Of the entries below, return exactly those lines that fall between the one containing "Orange hawkweed, orange-red" and the one containing "White/ Straw Cane", the two end lines included.

[Material for this task — start]

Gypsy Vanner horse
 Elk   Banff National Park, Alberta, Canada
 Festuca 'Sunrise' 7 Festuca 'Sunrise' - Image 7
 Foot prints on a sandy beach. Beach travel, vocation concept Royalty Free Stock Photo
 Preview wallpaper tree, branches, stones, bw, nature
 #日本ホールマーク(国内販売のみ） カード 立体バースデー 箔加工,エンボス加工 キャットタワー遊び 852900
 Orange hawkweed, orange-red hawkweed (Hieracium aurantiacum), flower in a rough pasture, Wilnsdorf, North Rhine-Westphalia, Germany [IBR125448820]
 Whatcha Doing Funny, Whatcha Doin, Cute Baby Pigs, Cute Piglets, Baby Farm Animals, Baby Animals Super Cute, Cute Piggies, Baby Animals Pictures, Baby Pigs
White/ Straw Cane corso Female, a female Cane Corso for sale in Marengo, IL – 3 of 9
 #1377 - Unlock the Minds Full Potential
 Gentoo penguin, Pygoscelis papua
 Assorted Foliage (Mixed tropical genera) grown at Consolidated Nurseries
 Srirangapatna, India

[Material for this task — finish]

* _Solution for this exercise_
 Orange hawkweed, orange-red hawkweed (Hieracium aurantiacum), flower in a rough pasture, Wilnsdorf, North Rhine-Westphalia, Germany [IBR125448820]
 Whatcha Doing Funny, Whatcha Doin, Cute Baby Pigs, Cute Piglets, Baby Farm Animals, Baby Animals Super Cute, Cute Piggies, Baby Animals Pictures, Baby Pigs
White/ Straw Cane corso Female, a female Cane Corso for sale in Marengo, IL – 3 of 9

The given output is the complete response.